A man in front of a screen and a whiteboard.
Hans Wohlfarth, Head of IT, coordinates the development work, according to a new model - so-called portfolio management . (Photo: Fredrik Persson)
Published Jan 18, 2022

You can have any number of IT-systems that are as good as any you could ask for in an organisation. But that will be of little benefit if IT development as a whole is not managed in a long-term, coordinated and systematic way.
This is one of the fundamental thoughts behind the newly resolved portfolio management of IT development that should make the direction and prioritisation of digitalisation at KTH that much easier and give it further momentum.

“By obtaining a complete picture of which different projects and needs there are in the organisation, we can more easily see where we should develop, discontinue, and coordinate development, and what the possible bottlenecks are,” says Hans Wohlfarth, Head of IT at KTH with responsibility for coordinating portfolio management.

Changing the way you work

In the absence of a complete picture, in a large and multifaceted organisation such as KTH, different systems can be developed for users without being synchronised with each other. This can make usage more difficult and in the worst instance, it will also be a waste of resources.

Three persons having a conversation.
Hans Wohlfarth, Josefin Fransson and Johannes Bidel at IT. (Photo: Fredrik Persson)

“Support should be based on needs and know-how. Rather than being a kind of box that sits alongside the main systems, digitalisation is a pure operational development of the ways in which we work and our support functions,” says Wohlfarth.

Over time, this will influence the way KTH employees will work in the future.

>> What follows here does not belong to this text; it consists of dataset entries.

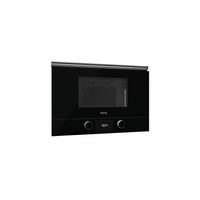 Miniatura 3 de HORNO MICROONDAS INTEGRABLE TEKA ML 8220 BIS L BK NEGRO 22 LITROS CON GRILL NEGRO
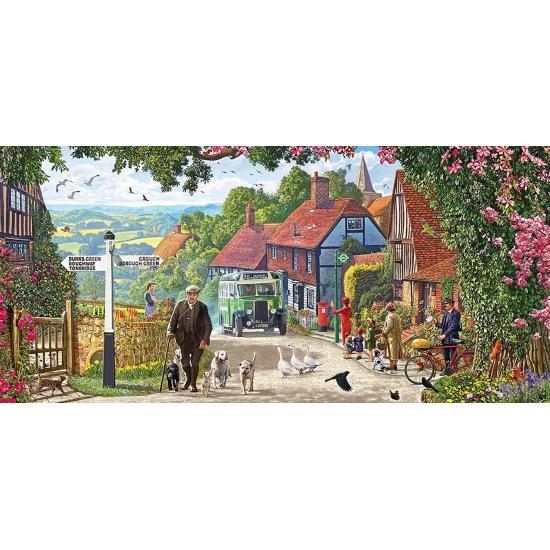 Puzzle Gibsons Paseo Matutino de 636  Piezas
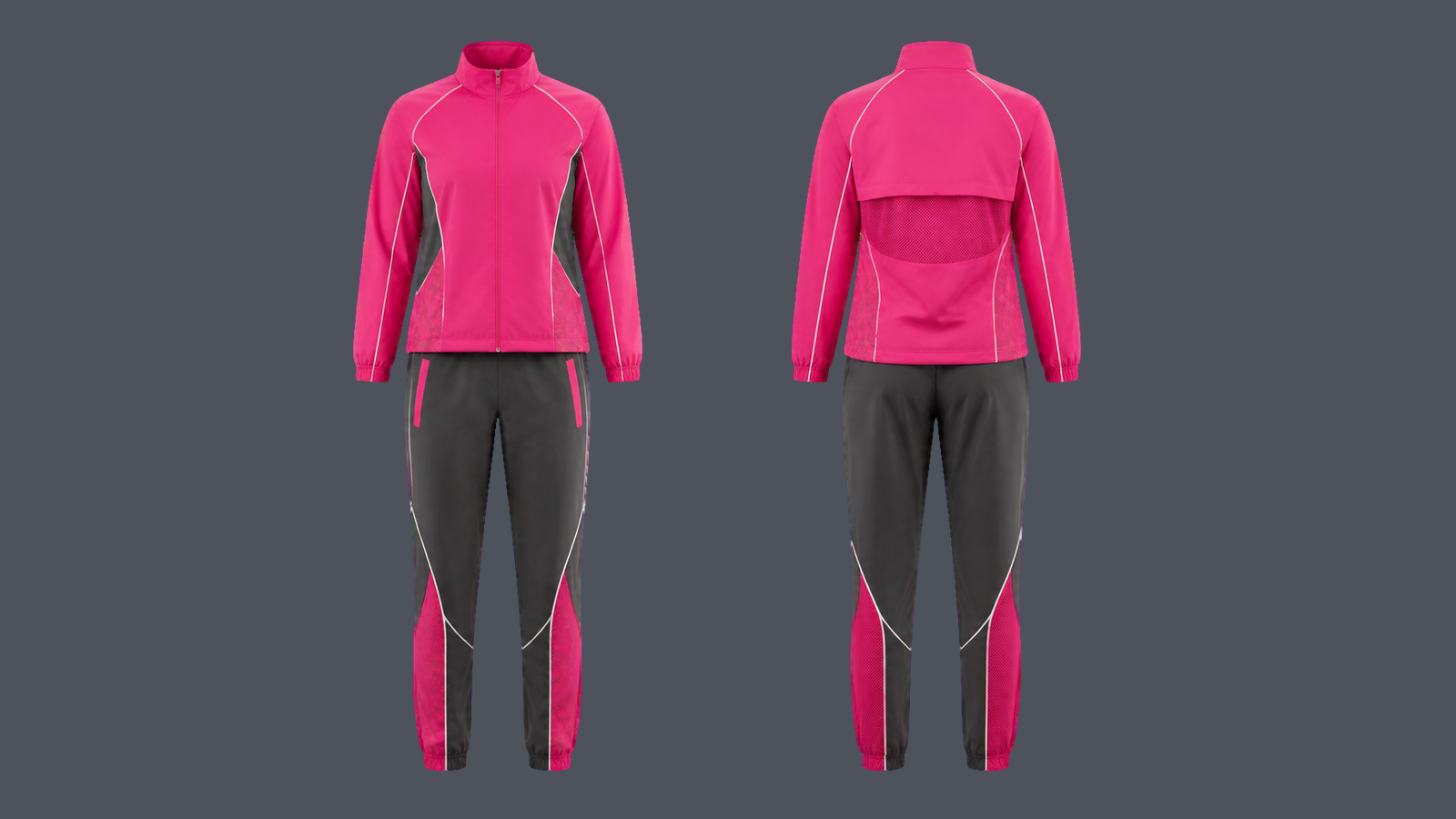 Circuit Vent Set — Fuchsia design
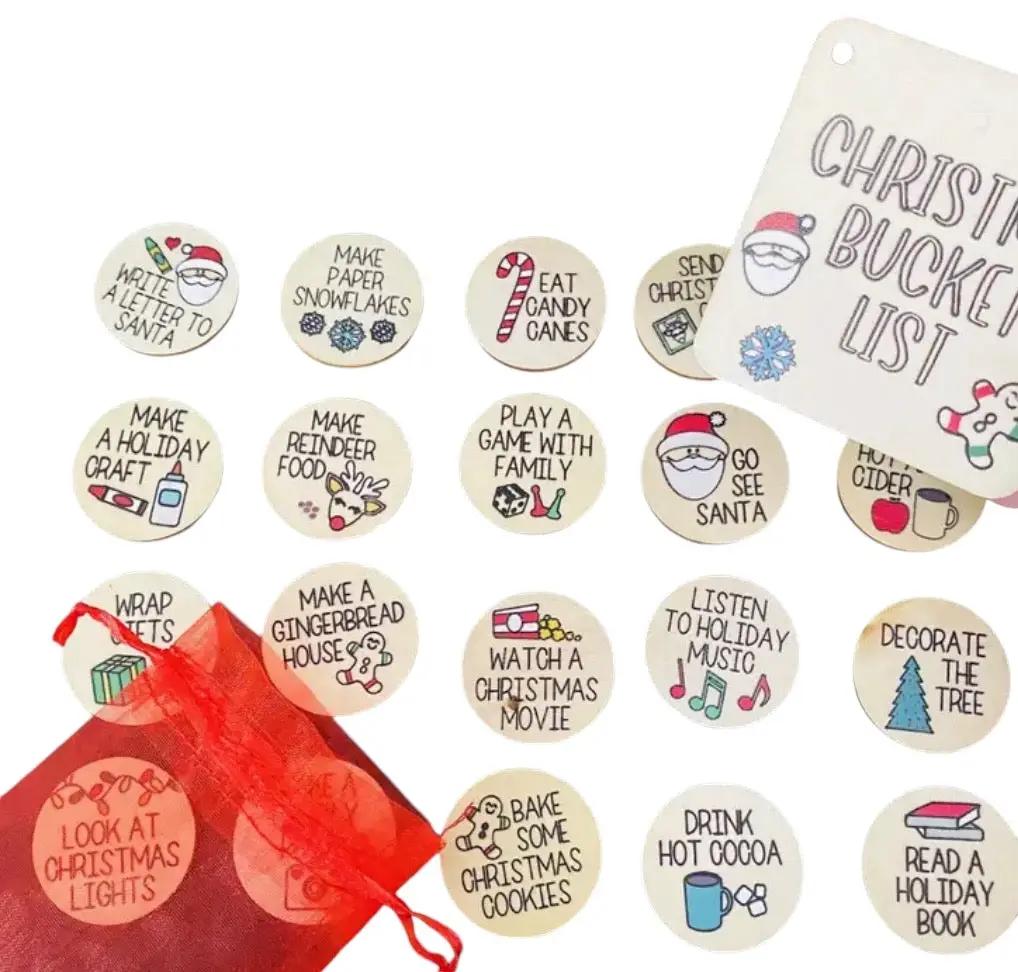 Kids Christmas Bucket List Activity by Max and Pippa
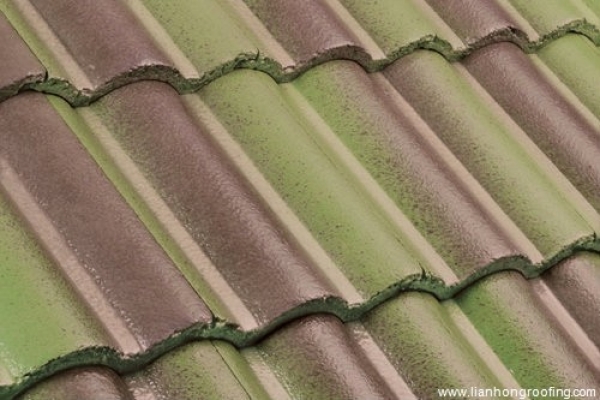 Monier Roof Tiles - Avocado Green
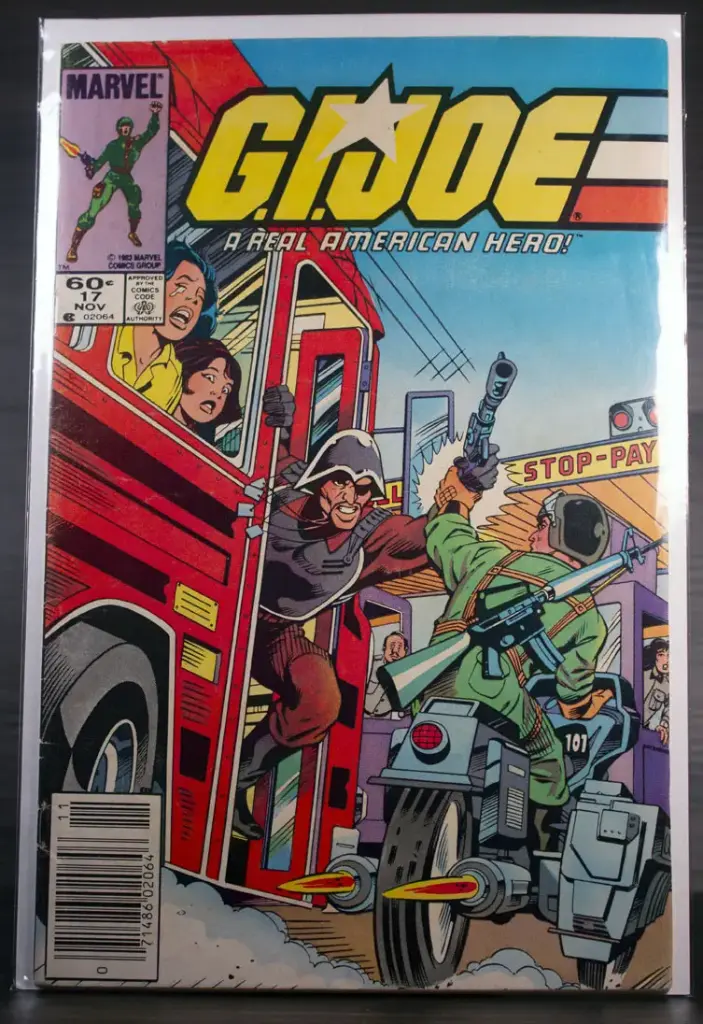 G.I. Joe: A Real American Hero #17 (1983; Newsstand Edition)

“You could say that we aim to lay the foundations for and building a new flow oriented way of working where everyone who is involved in a system or a project work together. Fewer downpipes and more cross-function work is the idea,” says Wohlfarth.

Linked to the strategy

The next step in development work is to produce an overall digitalisation strategy, snap up resources, know-how planning and to work closely with users systematically. We also need a general approach to dealing with obstacles, such as when key issues fall between two stools as individual projects are not always able to deal with these within their own organisation. This work should be pursued on a broad front via different steering groups that continuously synchronise with each other. 

Jan Gulliksen, Vice President for Digitalisation, also explains that KTH’s digitalisation strategy is closely linked to portfolio management.

“It is basically about how we should take advantage of the technology in the best ways across the whole of KTH and within all its operations. Working systematically with portfolio management forms a natural and important part of this.

Gulliksen is developing KTH’s digitalisation strategy in consultation with the University Director, and this is expected to be completed by the summer.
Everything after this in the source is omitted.